One of the large draws of Lava Beds in the opportunity to explore dozens of developed caves. These caves are the remnants of streams of underground lava that pushed through the subsurface. After the lava exited, it left behind long tube-like caves. Lava Beds National Monument actually has the largest concentration of lava tubes in the United States.
With different levels of difficulty, ranging from least challenging to most challenging, all caves offer an opportunity to go subsurface. Guided tours are available in the summer, but with adequate preparation, most people can enjoy the caves without a guide.
Some good caves that have high ceilings and relatively smooth floors including Valentine Cave, Mushpot Cave, and Merrill Cave. Sentinel Cave is located right at the Visitor’s Center and is also an easy cave.
There are few things to keep in mind as far staying safe in the cave. Make sure you wear long sleeves and pants, closed toe shoes with sturdy soles. Other essentials for some of the more difficult caves include gloves, knee pads and a helmet. The surfaces can be uneven and jagged, so it is important to protect yourself. Also, each person should have a flashlight and extra light source or batteries.
There are 12 hiking trails at Lava Beds National Monument. Trails range from about a half-mile in length to nearly ten miles, so there is a trail for just about everyone. Trails pass through points of historical events and features and also geologically interesting places. Pets and bicycles are not allowed on the trails. Make sure to take water with you and be ready for changeable weather conditions.
Weekend Activities Guide
Plants and Animal – If you visit Lava Beds be prepared to see a wide variety of plants and animals. One of the most interesting animals at the park is the bats. There are 14 bat species at the park and there is a strong monitoring and protection effort for this species at the park. The caves are the perfect spot for the bats to roost, raise their young and hibernate.
Other mammals range in size from small kangaroo rats to large mountain lions. Birders are drawn to the area for the world-class bird watching. Both migratory and year-round resident birds are in the area. Be sure to take binoculars for close-up birdwatching.
Plant species in the Lava Beds areas can be just as stunning as the animals Wildflower blooms occur spring through fall, with different plants blooming at different times.
Modoc War – The area of Lava Beds National Monument was been occupied for thousands of years, as evidenced by the Native America rock art and archeological sites are in the area. The Modoc War was fought in this area and was the only major war with Native Americans that was fought in California. The conflict centered on a proposed forced relocation of the Modoc to the Klamath Reservation.
The Modoc and the Klamath were historical enemies. The war ran for approximately eight months (November 1872 to June 1873) though tensions dated back 50 years before the war began. It was a war that pitted 60 Modoc fighters against 600 members of the US Army. In the end, casualties included 53 US soldiers, 17 civilians, and 15 Modoc warriors.
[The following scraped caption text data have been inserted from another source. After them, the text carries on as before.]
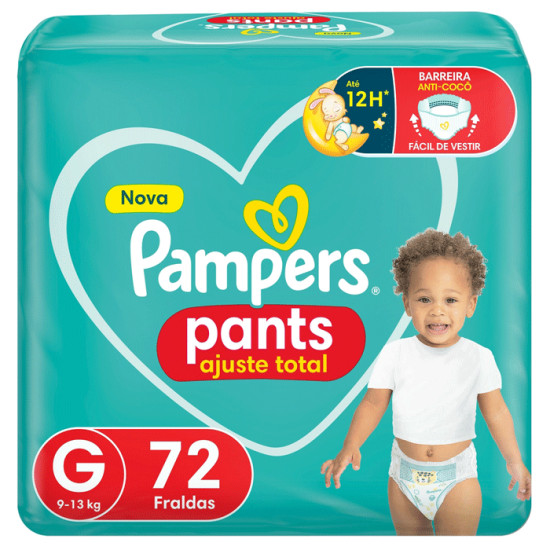FRALDAS PAMPERS AJUSTE TOTAL PANTS G COM 72 UND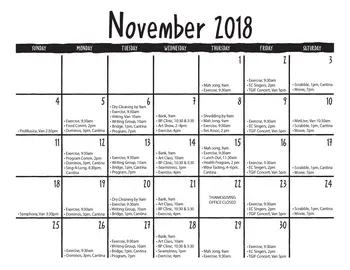 Activity Calendar of El Castillo Retirement, Assisted Living, Nursing Home, Independent Living, CCRC, Santa Fe, NM 8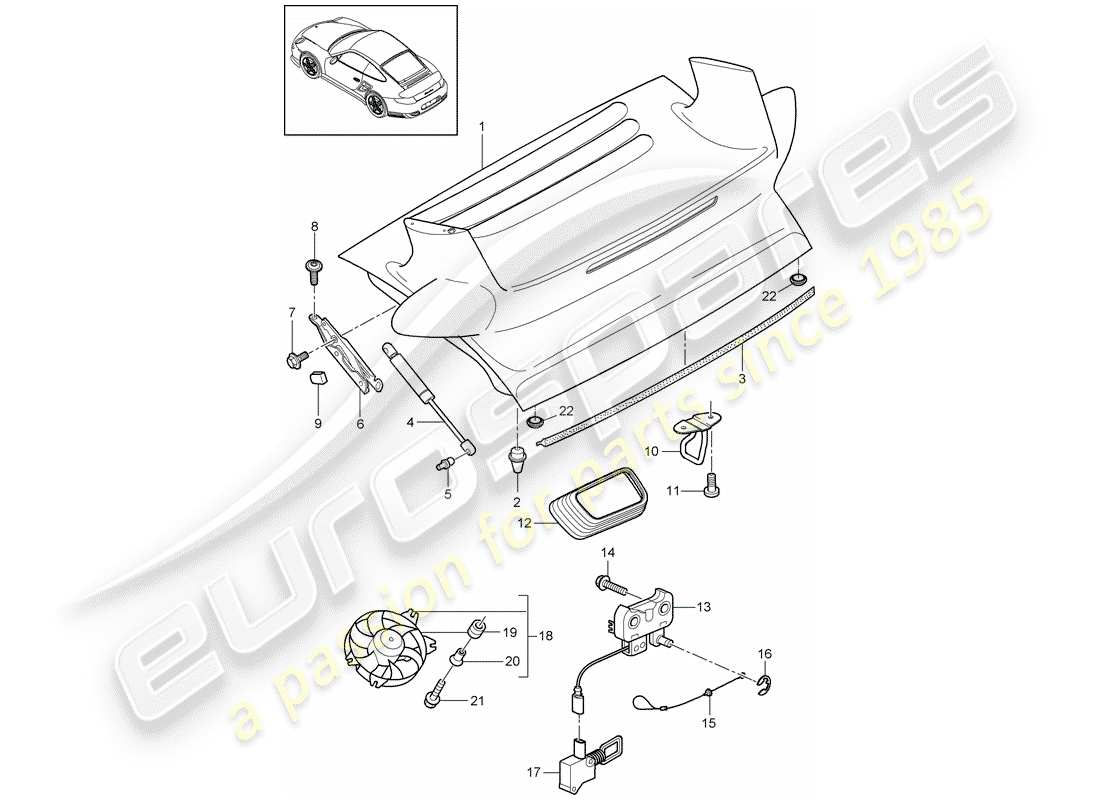 porsche 2013 (997-2 turbo / gt2 rs) diagrama de piezas de la cubierta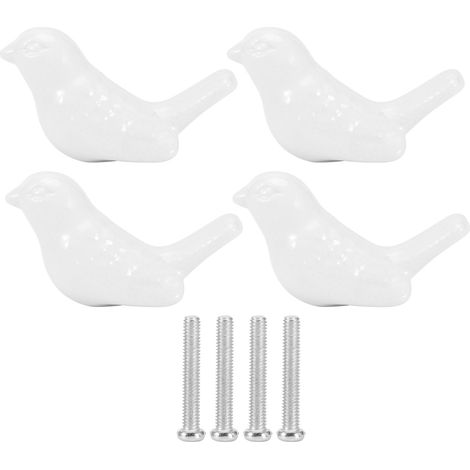 4 pièces Boutons en Céramique Oiseau Forme DIY Porte Tiroir Armoire Tirez Poignée Meubles Accessoires Cuisine Poignée et Tire Cabinet Bouton(blanc).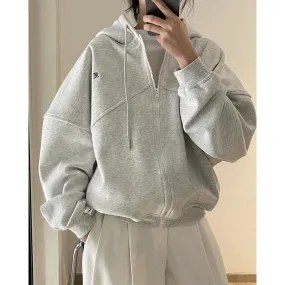 Flytonn-Fall Outfits Women Outwear Streetwear -Spring Korea Casual Sporty Letter Hoodie Zipper Cardigan Loose Coat Top Women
Getting There – Lava Beds really is in a remote corner of the state, and it takes some effort to get there; however, it is worth the trip. From I-5, take the Highway 97 at the town of Weed. Turn right onto California Highway 161/Stateline Road. At this point, you will start to see brown signs with directions to Lava Beds.
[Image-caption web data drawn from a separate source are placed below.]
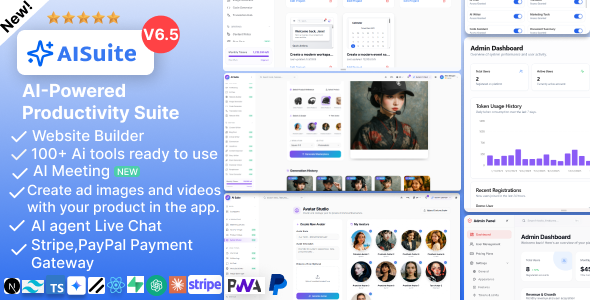 AI Suite – AI Website Builder and Live chat, image and video generator ai & Gemini AI Powered SaaS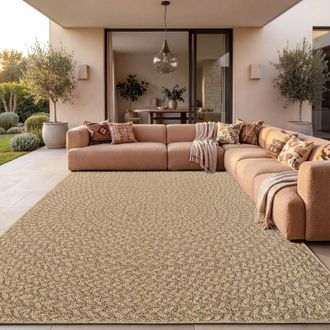 Paco Home Paco Home Alfombra Exterior Impermeable Balc&oacute;n Sala De Estar Boho Geom&eacute;trica Sisal Beige 120x170 Cm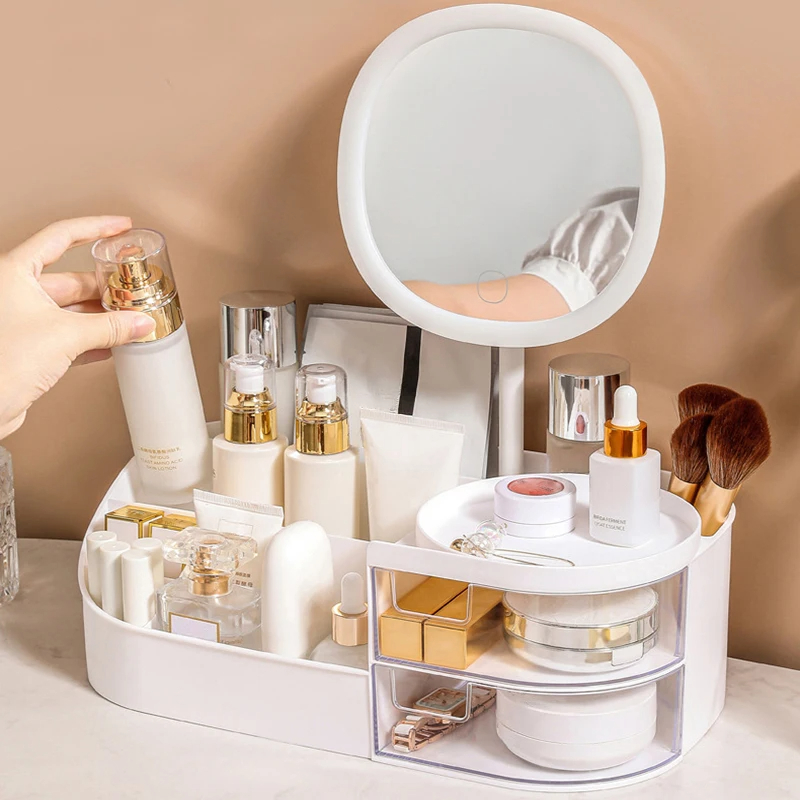 Beauty Makeup Desk - Pudełko do przechowywania kosmetyków z lustrem,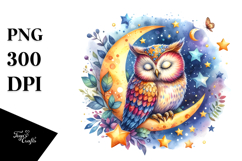 Sleeping Owl Moon Hanging Stars Vibrant Sublimation Clipart Product Image 1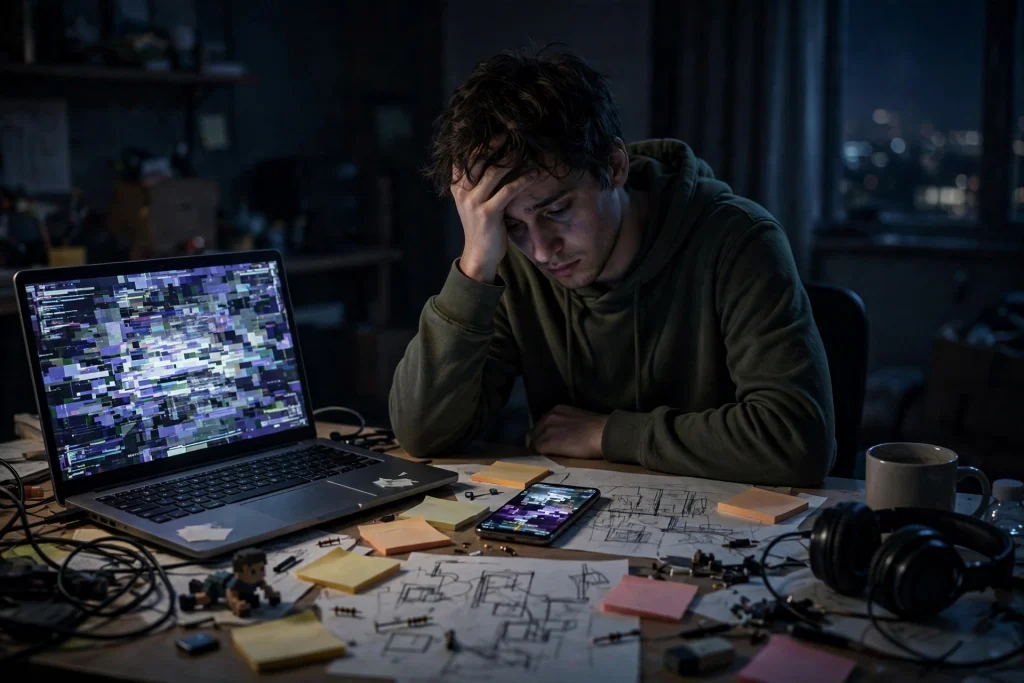 A frustrated indie developer at a messy desk with a glitchy phone game illustrating why a first Android game failed
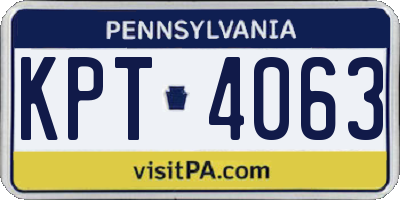 PA license plate KPT4063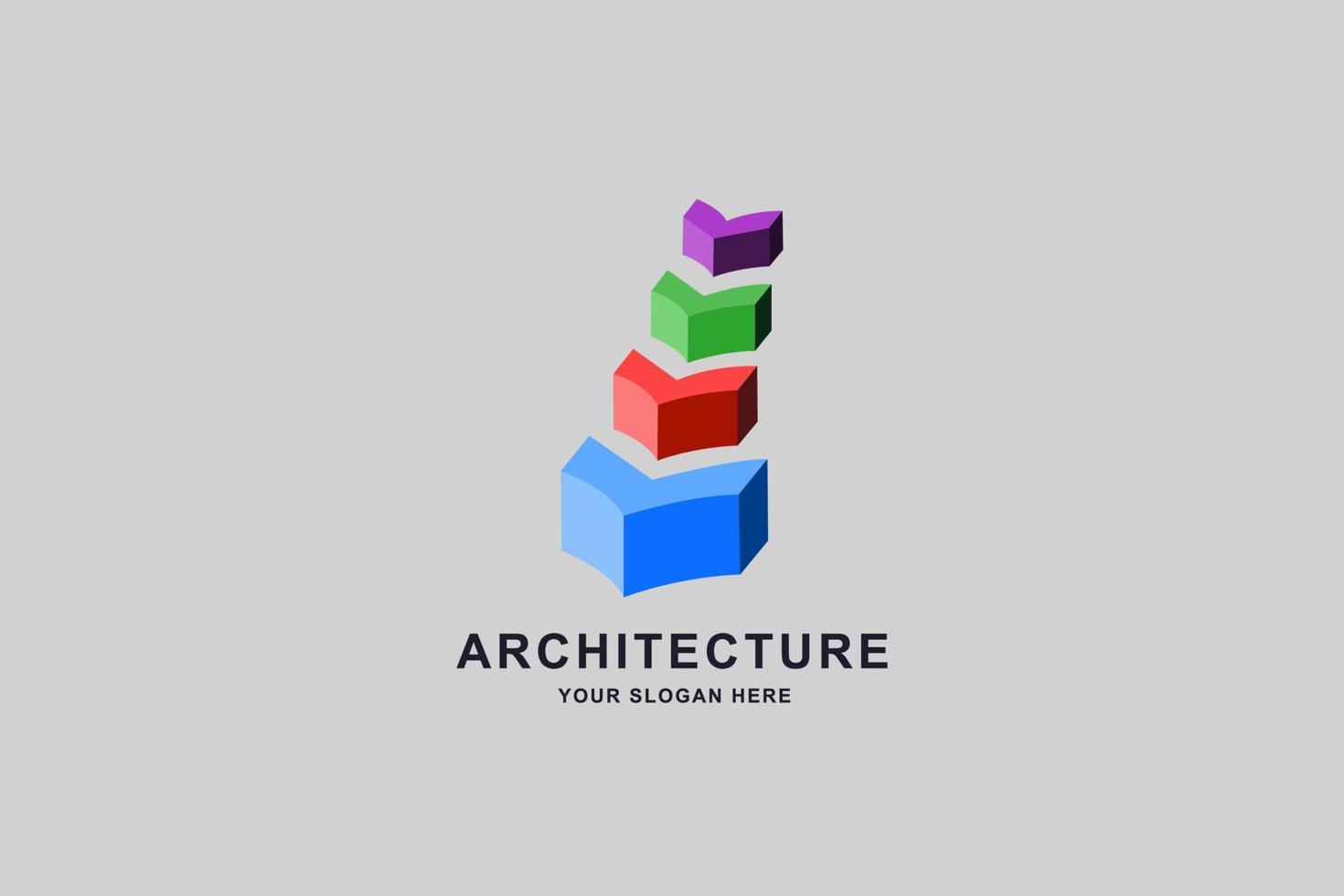 plantilla de diseño de logotipo de construcción 3d o escaleras vector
Continue east on 161 through the Lower Klamath National Wildlife Refuge to Hill Road. Turn right on Hill and proceed nine miles to the Lava Beds entrance. You should plan on about 1.5 to 2 hours to reach Lava Beds from Weed.
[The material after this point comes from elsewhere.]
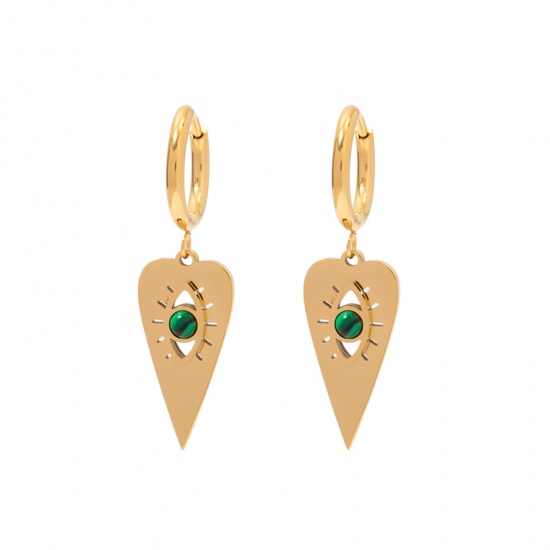 Picture of Eco-friendly Simple & Casual Stylish 18K Real Gold Plated 304 Stainless Steel & Stone Heart Eye Earrings For Women 22mm x 10mm, 1 Pair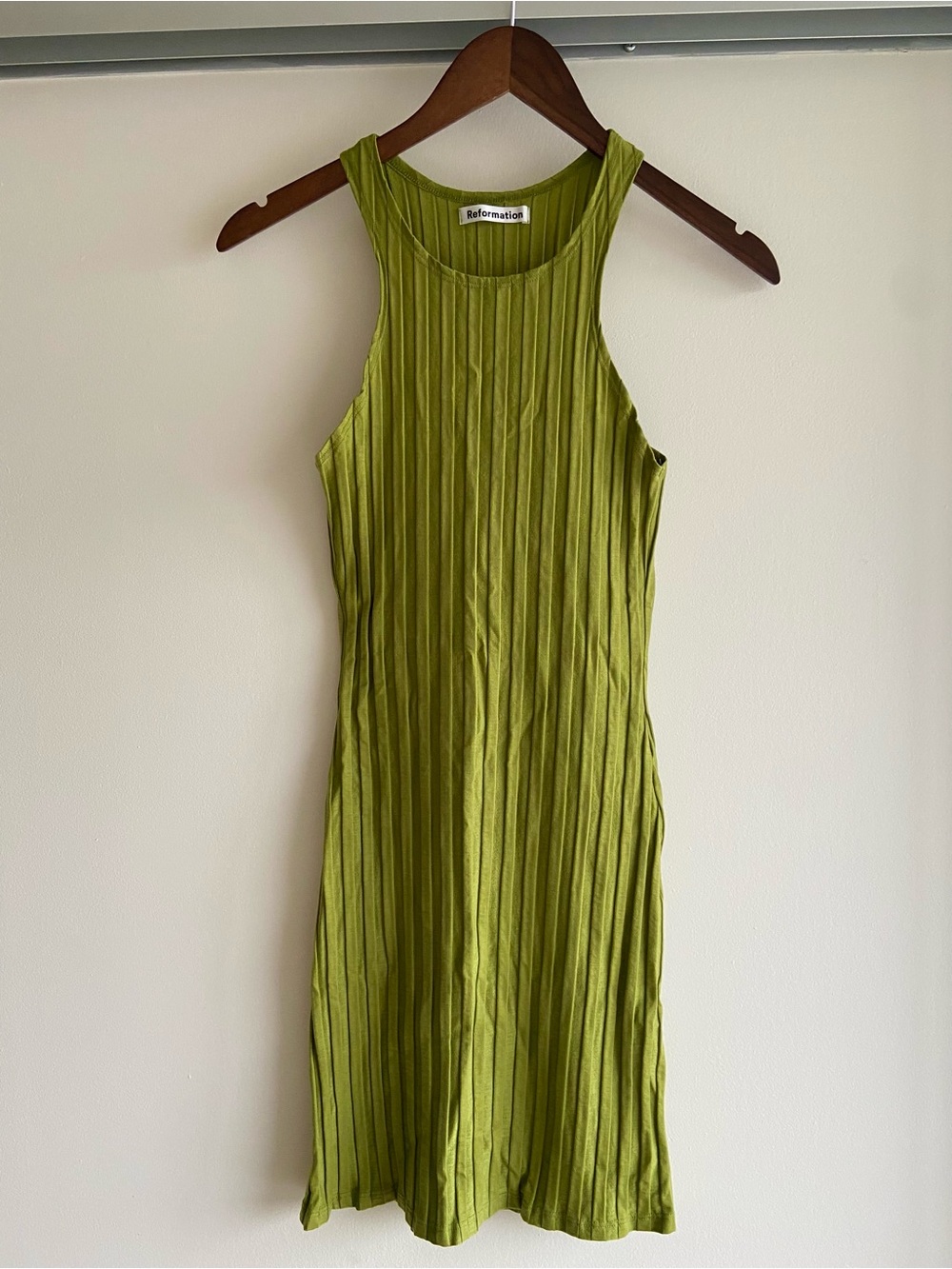 Reformation Olive Green Ribbed Mini Dress - Picture 4 of 8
Caves have an average temperature of 55 degrees, so dress accordingly. The visitor center sells essential supplies and will lend out flashlights.
Where to Stay – There is camping within Lava Beds at Indian Wells campground. It has restrooms and drinking water. The campground is open year round. If you prefer non-camping options, you can look for lodging outside the park in the town of Tulelake or check the Alturas Chamber of Commerce of the Klamath Chamber of Commerce.